What will you use Quad Core for? Wouldnt the dual core be a better alternative for gaming and general use?


----------



## mullered07 (May 15, 2007)

ex_reven said:


> What will you use Quad Core for? Wouldnt the dual core be a better alternative for gaming and general use?



a bigger e-penis is always a must  im thinking a e6850 or q6600 by the end of the year


----------



## mandelore (May 15, 2007)

lol the fsb on some of those chips almost spell 1337


----------



## Bonerheimer_c (May 15, 2007)

Im gonna say $266 quad FTW!


----------



## PVTCaboose1337 (May 15, 2007)

Bonerheimer_c said:


> Im gonna say $266 quad FTW!



Same, if AMD does not get their act together, I'm going to the Dark Side


----------



## JrRacinFan (May 15, 2007)

PVTCaboose1337 said:


> Same, if AMD does not get their act together, I'm going to the Dark Side



Do not underestimate the power of the dark side.  

In all seriousness though, This type of news I have been waiting for in the past couple months. 

2 C2D price-cuts .....


As far as AMD bankruptcy goes, I doubt that will ever happen with the FASN8 stepping coming out.
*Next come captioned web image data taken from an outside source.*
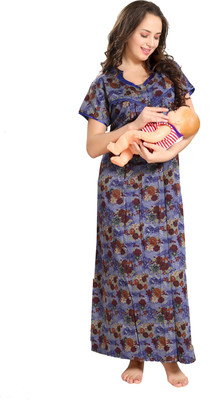 AV2 Women Maternity/Nursing Nighty(Blue) Flipkart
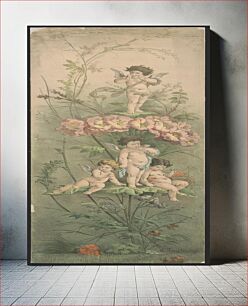 Πίνακας, Cupid panel for screen decoration [four cupids in the forest]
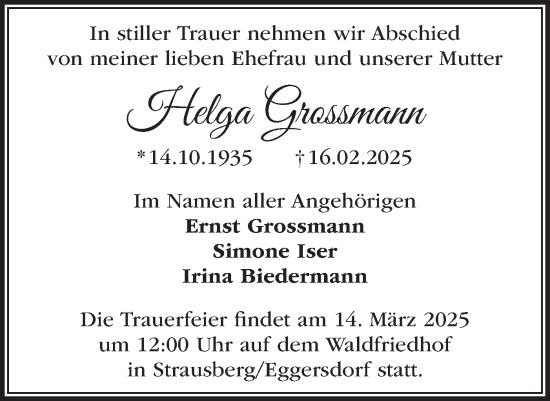 Traueranzeige von Helga Grossmann von Märkische Oderzeitung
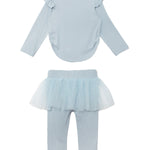 The Isobella and Chloe Tutu in the Clouds Two Piece Pant Set features a light blue long-sleeve top with ruffled shoulders and matching leggings, finished with a blue tulle skirt overlay, displayed on a white background.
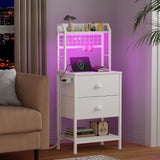 Furologee Tall Nightstand with Charging Station & LED Lights, 41'' Bedside Table with 2 Drawers & Pegboard, White Night Stand with Hooks & Folders, End Table with Shelves for Bedroom/Living Room Furologee
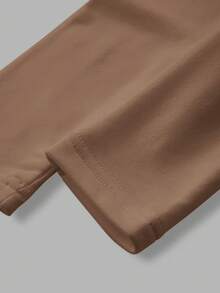 SHEIN BASICS 秋冬季基础款高领修身长袖纯色女式上衣，升级保暖内衬面料，时尚休闲舒适，百搭不臃肿 - 駝色 - 查看 4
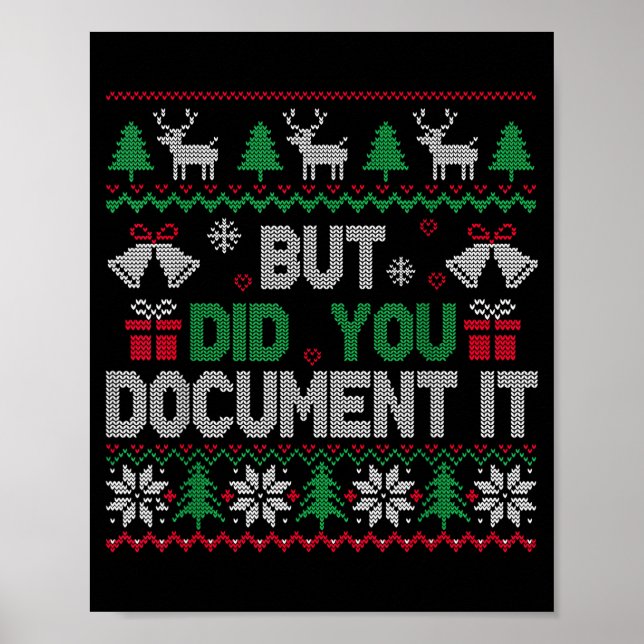 Poster But Did You Doent It Funny Office Christmas Ugly S (Devant)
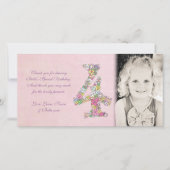 女の子の第4誕生日の花柄は写真カード感謝していしています サンキューカード (正面)
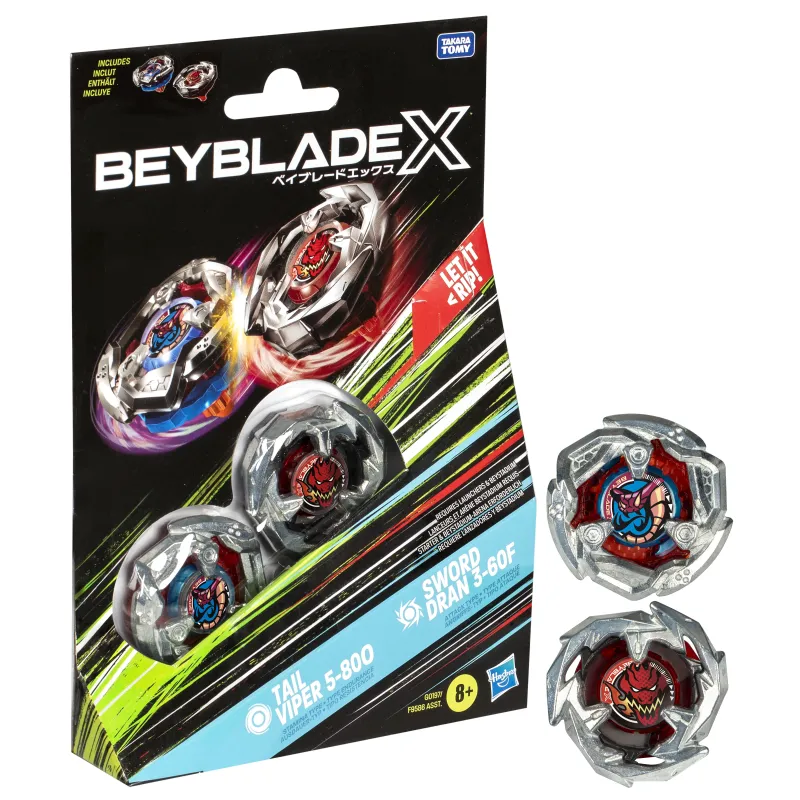 BEYBLADE X - Tail Viper 5-80O & Sword Dran 3-60F Dual Pack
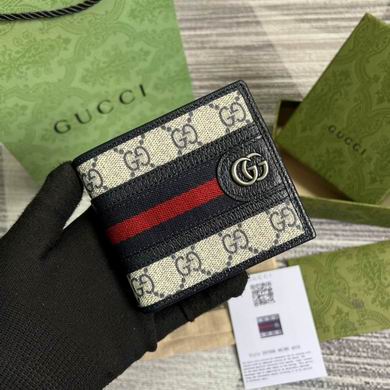 Gucci Ophidia GG Bi-Fold Wallet in Beige GG Supreme Canvas with Web Stripe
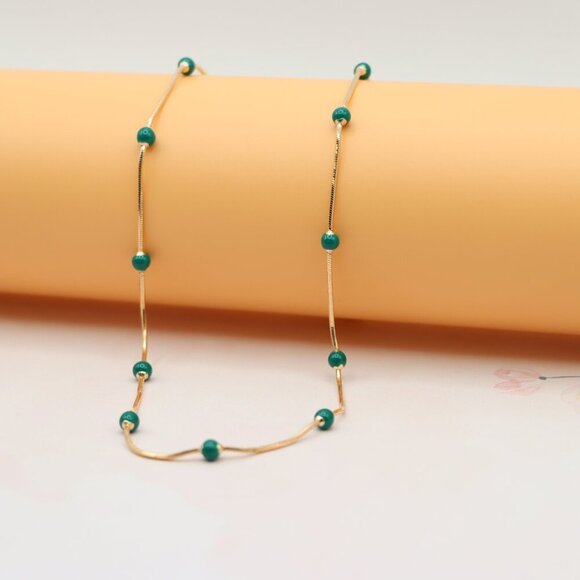 "Rose Gold Necklace with Green Beads, XPNL0132 - Picture 1 of 12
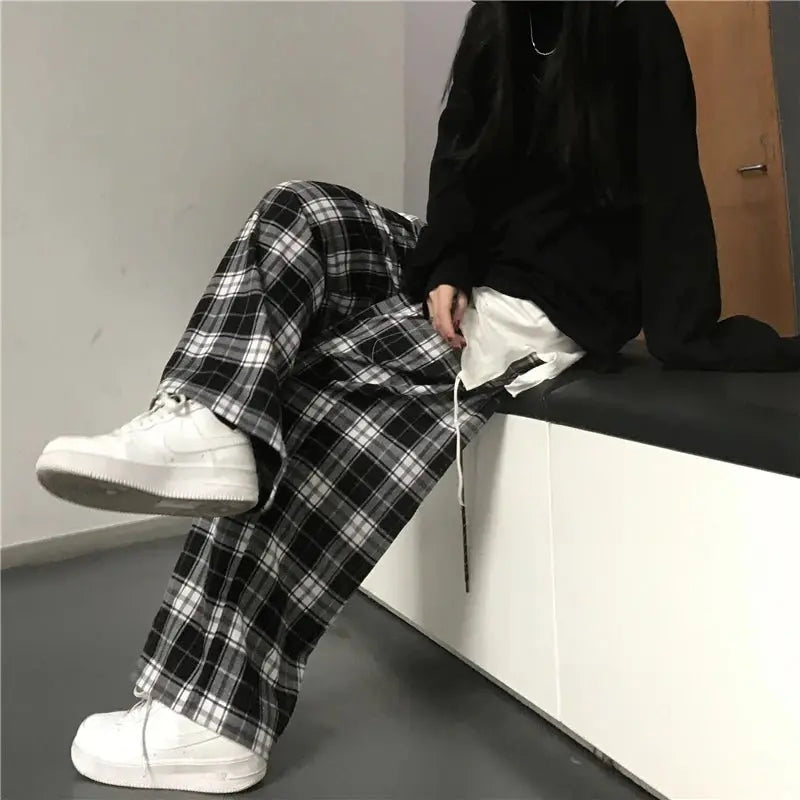 Pantalones de chándal de gran tamaño para mujer, pantalón informal a cuadros negros, holgado, con bolsillos de cintura elástica, Hip Hop, Unisex - SYN PERU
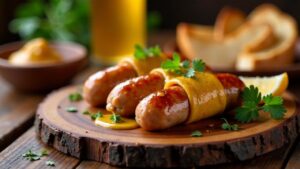 Thüringer Rostbratwurst im Senfmantel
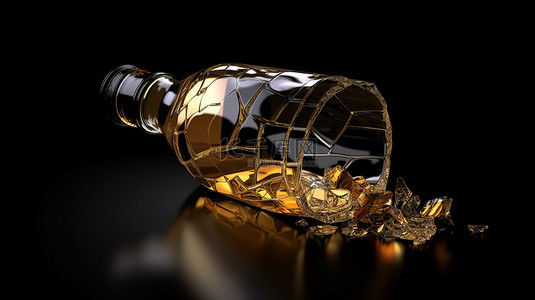 酒标背景图片_黑色背景下隔离的破碎玻璃瓶的 3D 插图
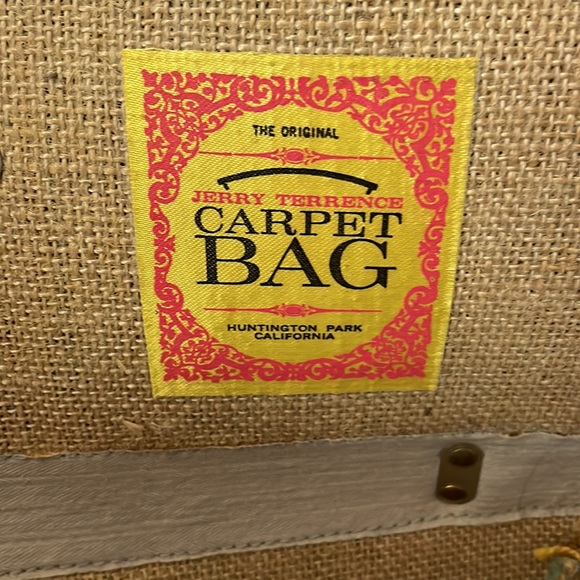 Jerry Terrence vintage carpet bag the original gold hardware brown strap multi - Picture 5 of 15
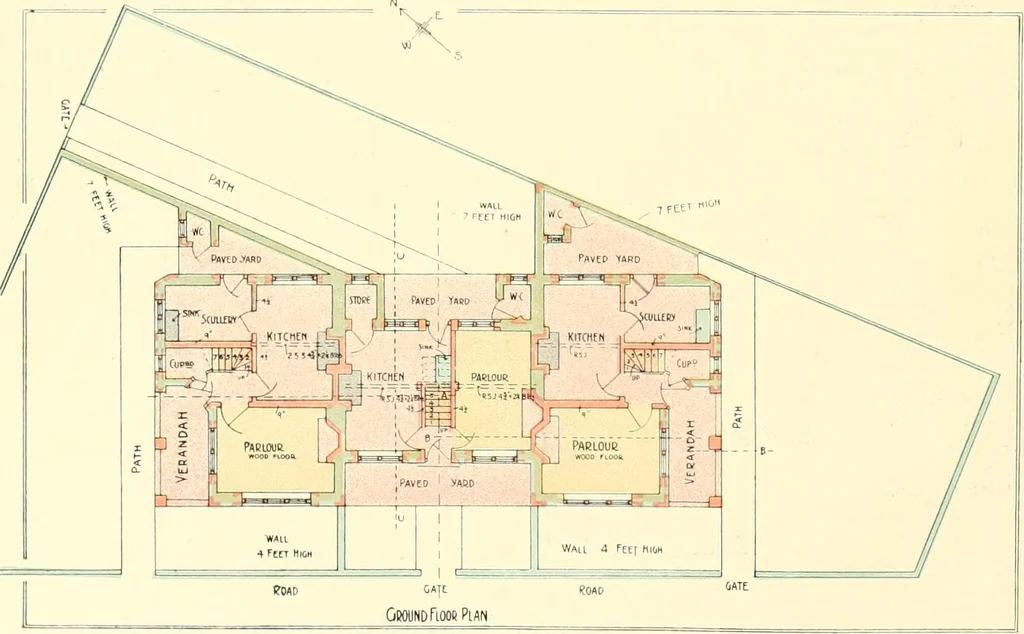 An illustration from The modern home : a book of British domestic architectvre for moderate incomes; a companion volvme to "The British home of to-day", 1906, leaf 145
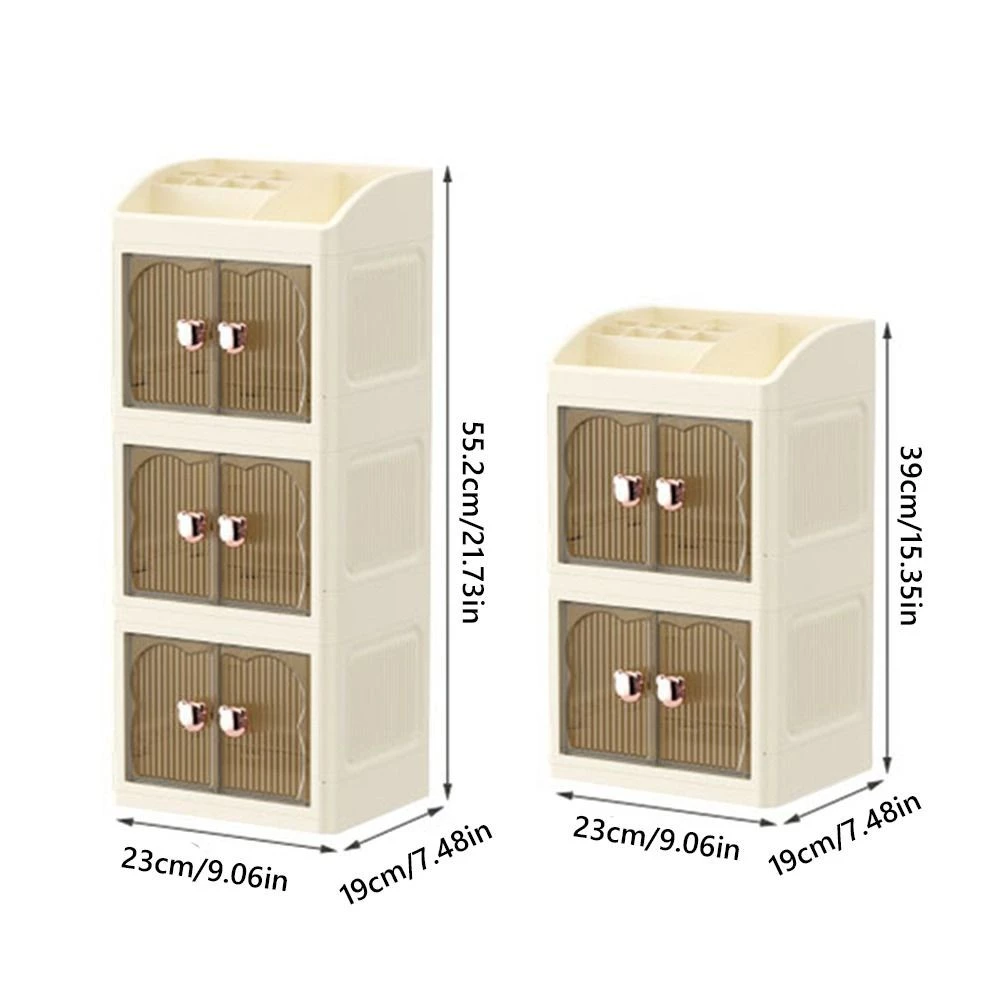 YUMLY Desktop Organizer กล่องเก็บเครื่องสําอางแบบพับได้พลาสติก Simple 2/3 ชั้นตู้เก็บสกินแคร์ความจุขนาดใหญ่ใช้ในบ้าน thumbnail 3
As i always say "Only time will tell".


----------



## GJSNeptune (May 15, 2007)

Can't believe the Q6600 will be so damn cheap. Hopefully the high-end motherboards won't be too bad either.


----------



## lordlatte (May 15, 2007)

This raises the question of whether I want a q6600 or a e6850. I'd love quad-core, but then again, I'd rather have the real world use of the extra 600mhz. Also I should probably consider, the 1333 is like paying intel to oc the chips for us, won't that limit the oc'ing ability of the 6850? Does anyone know how much people are getting out of their q6600s?


----------



## GJSNeptune (May 15, 2007)

Come on. Clock speed doesn't mean anything. Four cores is going to outperform two any day.


----------



## mdm-adph (May 15, 2007)

OrbitzXT said:


> I don't know how business works, but for the consumer this is a good thing right now...regardless if it would ever happen or not, if AMD ever did actually go bankrupt and Intel was the sole chip maker, wouldn't that eventually be a bad thing for consumers with Intel's high prices?



No -- you _do_ understand how business works.  Intel is only releasing fast chips at cheap prices right now because they're competing with AMD.  

If AMD goes out of business, you better believe that Intel will severely cut R&D on new products -- why bother creating faster stuff if your customers can't go anywhere else?


----------



## GJSNeptune (May 15, 2007)

Because if AMD tanks, Google will buy them and come out with Google OS, powered by AMD Googleon processors.


----------



## bruins004 (May 15, 2007)

Prices for these are looking good.
But the thing I am really interested in is what the future will bring.

I mean look at it now.
Quad cores are becoming affordable and so are blazing fast CPUs.
Just imagine how fast the next gen. CPUs are going to be.


----------



## freaksavior (May 15, 2007)

i like the looks of the prices......maybe by the end of summer i can get a e6550 or e 6750


----------



## evil bill (May 15, 2007)

mandelore said:


> lol the fsb on some of those chips almost spell 1337



hehe I bet so many people will alter their bus speed to 334.25 Mhz so that it says just that


----------



## HaZe303 (May 15, 2007)

GREAT NEWS! I will wait 2months, and buy me a Q6700.  Was thinking of a Q6600 first, but now i will get the q6700 for the same price!


----------



## petepete (May 15, 2007)

This is good and very bad news. At this time this is a great reason for us to buy these super cheap Intel quad cores, but at a big price. AMD will not be able to compete with such low prices that their share in the market will decrease eventually bumping the intel prices to the thousand mark.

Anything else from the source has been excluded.